FairLint-DL: Deep Learning-Based Fairness Debugger for VS Code

FairLint-DL is a VS Code extension designed to detect, analyze, and localize fairness defects in machine learning datasets using deep neural networks. Based on research methodologies like DICE (Distribution-Aware Input Causal Explanation) and NeuFair, this tool integrates advanced fairness testing directly into the development workflow.

Key Features

Information-Theoretic Bias Detection

Quantitative Individual Discrimination (QID): Metrics computed using Shannon and Min entropy to quantify the protected information leaked into model decisions.
Disparate Impact Analysis: Automatically detects violations of the 80% Rule (e.g., legal thresholds for hiring practices).

Group Fairness Metrics

Demographic Parity: Checks whether both demographic groups receive positive predictions at equal rates.
Equalized Odds: Compares True Positive Rate and False Positive Rate across groups to detect differential error rates.
Equal Opportunity: Ensures qualified members of both groups are identified at equal rates.
Per-group confusion matrices with interactive attribute switching and comparison charts.
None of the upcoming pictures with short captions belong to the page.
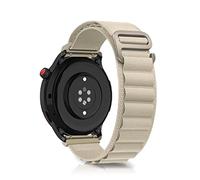 Niboow 22mm Cinturino per Amazfit GTR 4/3 Pro/GTR 2e/Huawei Watch GT 3 Pro 46mm/GT 3 46mm/GT Runner/Watch 3, Nylon G-Hook Sportiva Cinturini per Xiaomi Watch S1/S1 Active/Mi Watch - Bianco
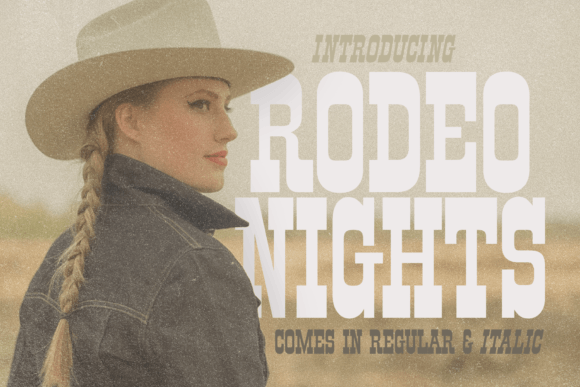 Rodeo Nights: The Perfect Display Font for Handmade Shop Branding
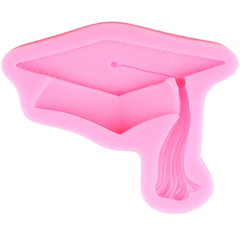 Graduation Cap Silicone Mold - bakeware bake house kitchenware bakers supplies baking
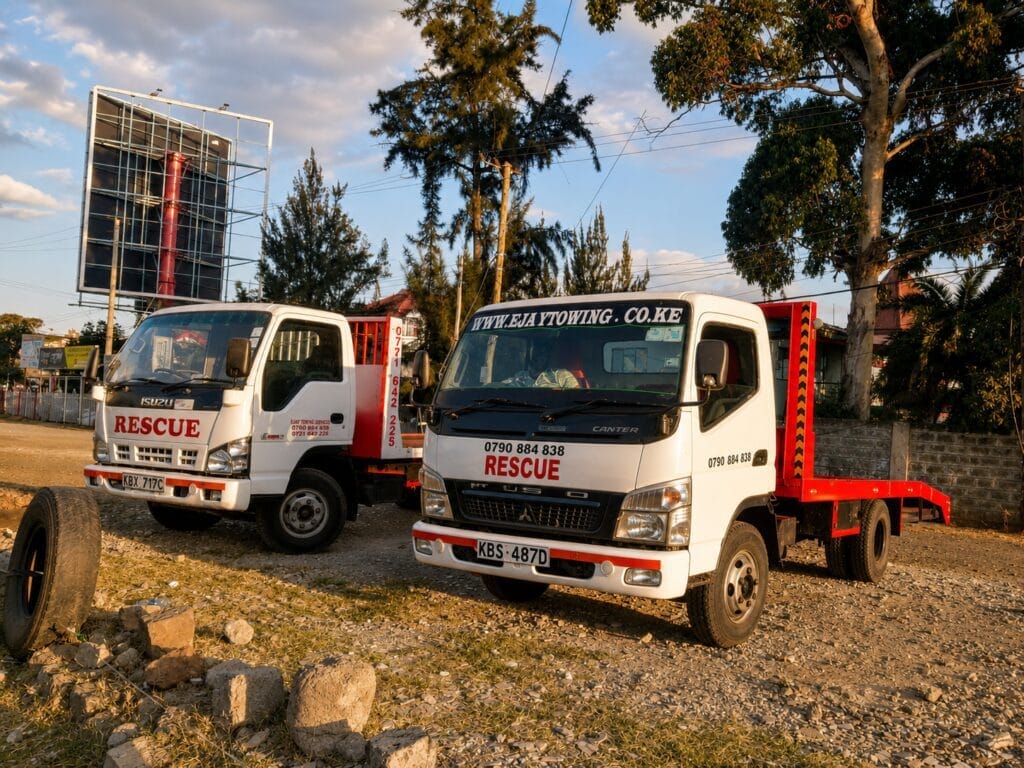 Flatbed Towing And Breakdown Services In Nairobi 24/7 Availability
Deep Neural Network Analysis

Proxy Model: Trains a configurable PyTorch DNN (Deep Neural Network) on your dataset to serve as a fairness oracle.
Model Caching: SHA-256 content-based caching saves trained models, preprocessor state, and data splits to disk. Subsequent analyses with identical configuration skip training entirely (77s → <1s).
Causal Debugging: Utilizes gradient-based sensitivity analysis to identify specific network layers and neurons responsible for encoding bias.

Gradient-Guided Discriminatory Search

Two-Phase Search Algorithm:
1. Global Search: Uses gradient ascent to find regions of the input space with high discrimination (maximum QID).
2. Local Search: Performs perturbation around high-risk instances to generate concrete discriminatory test cases.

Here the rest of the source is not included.